* Assignment
Your answer must be only the lines below from the one containing "Platform Sandals In" through the one containing "cap-sleeve gown with", copied exactly, with the pictures left out.

* Study material

——————

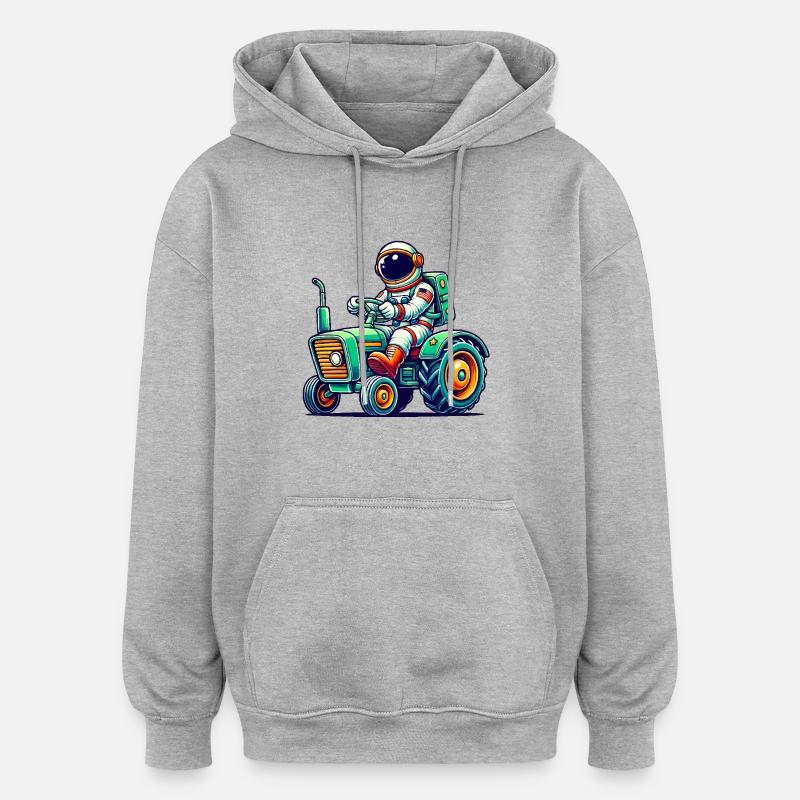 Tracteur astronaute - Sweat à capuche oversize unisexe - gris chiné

——————

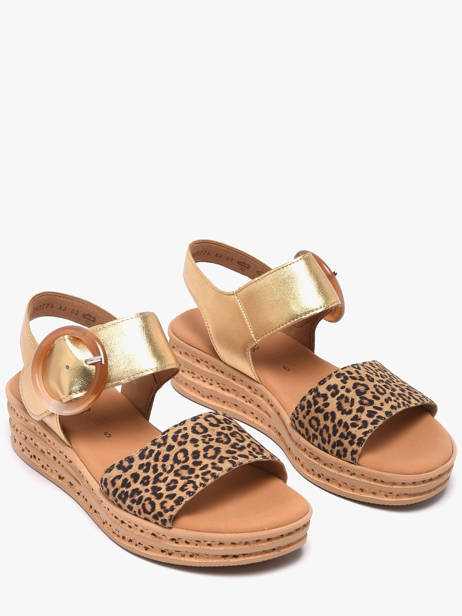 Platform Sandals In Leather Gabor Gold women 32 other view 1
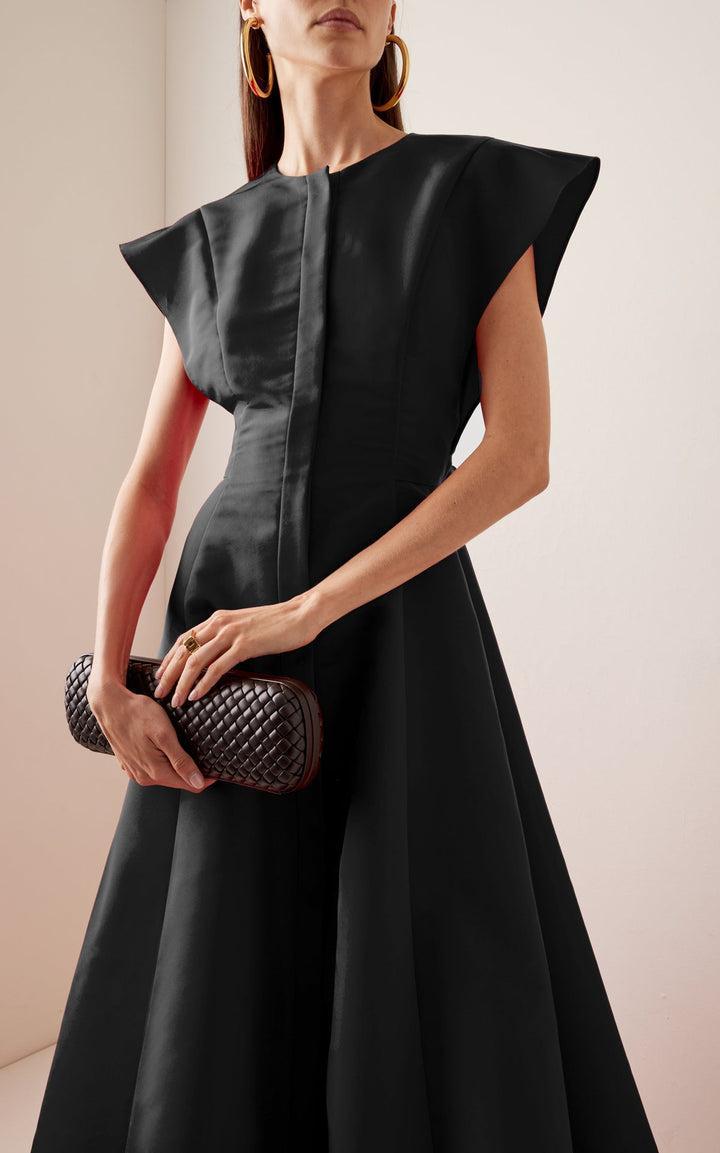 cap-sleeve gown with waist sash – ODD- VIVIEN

——————

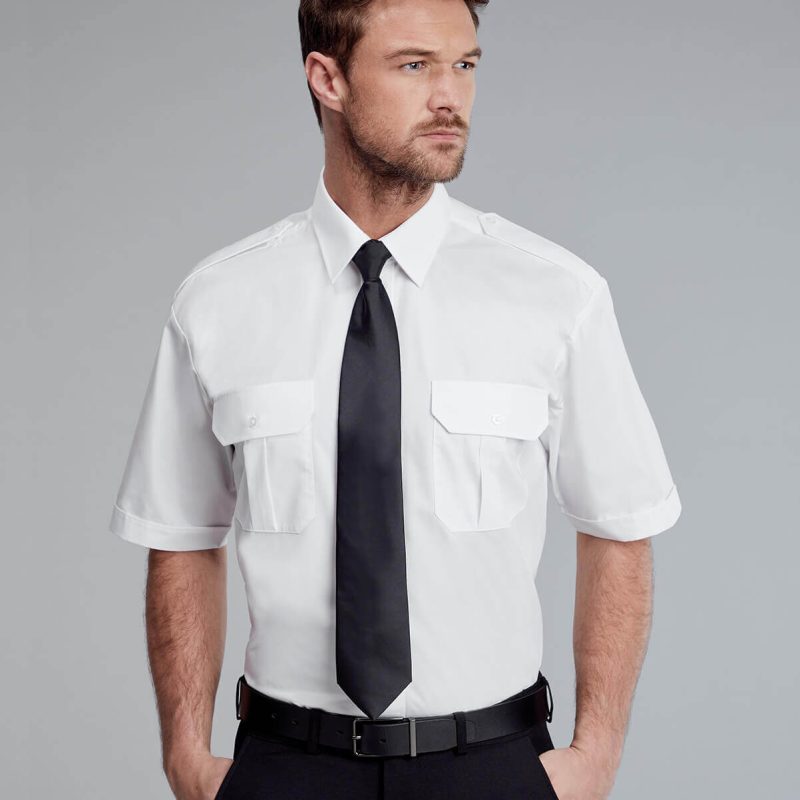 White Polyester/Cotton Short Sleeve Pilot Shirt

——————

* Your solution
 Platform Sandals In Leather Gabor Gold women 32 other view 1
 cap-sleeve gown with waist sash – ODD- VIVIEN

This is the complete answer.